Actress Alison Pill is one of a few new additions to the franchise in this year’s edition. “American Horror Story: Cult” has been shrouded in secrecy. Audiences knew that it would be about the election and that clowns were involved but few other details were released.

At the Television Critics Association’s press tour this summer, Pill was apologetic about not being able to reveal any details about her character, even if her colleague Sarah Paulson did it for her by revealing that the two were in a same-sex marriage.

“I was so worried I was going to get fired,” Pill told TheWrap about working on the show for the first time. The mystery was new for her.

“[There was] a little bit there that was on ‘Scott Pilgrim.’ There was a real culture of secrecy that Edgar Wright runs,” she explained. “But nothing is this level I think. This is a whole different ballgame.”

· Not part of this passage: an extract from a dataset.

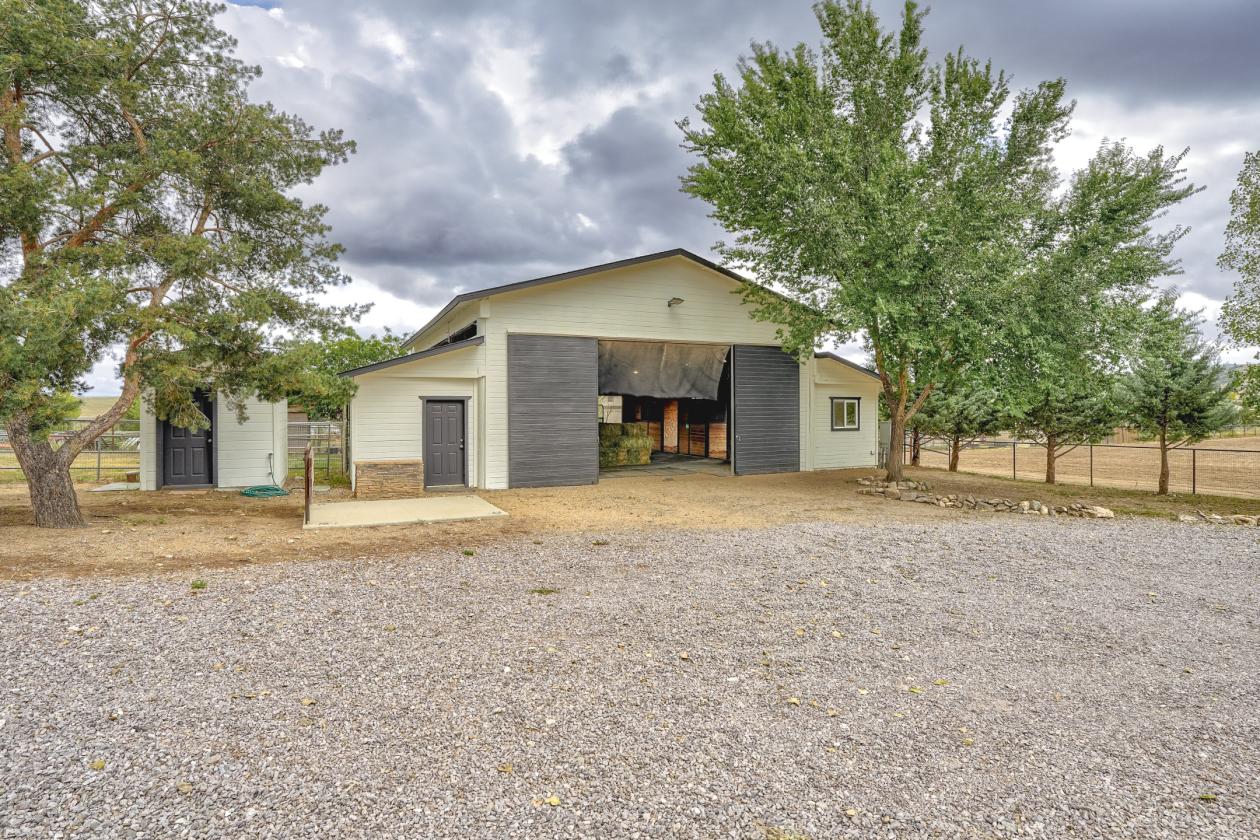 Exquisite Horse Property, Trail access from home - photo 8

Pill’s first season on “American Horror Story” has been event-filled and loaded with twists. The actress plays Ivy Mayfair-Richards, the local owner of a restaurant and butchery who’s married to Sarah Paulson’s character, Ally Mayfair-Richards.

At first, Ivy looks to be the innocent bystander of her wife’s mental deterioration, the pragmatic partner and rock of Ally’s life. However, in Episode 4 we learn that Ivy has been part of the cult that has been scaring her wife and spreading fear throughout the town. Her motivations can be attributed to the results of the election, specifically after finding out that Ally had voted for Jill Stein and not Hillary Clinton. The characters in the series are going over the top in terms of violence in response to their fears, but it works, according to Pill.

“It’s a really funny world to be in,” she said, adding that she finally understood the mood of the season in Episode 3, which she found “hilarious.” “In the moment you never quite had a sense that this was the case since you’re playing the reality of these insane scenarios.”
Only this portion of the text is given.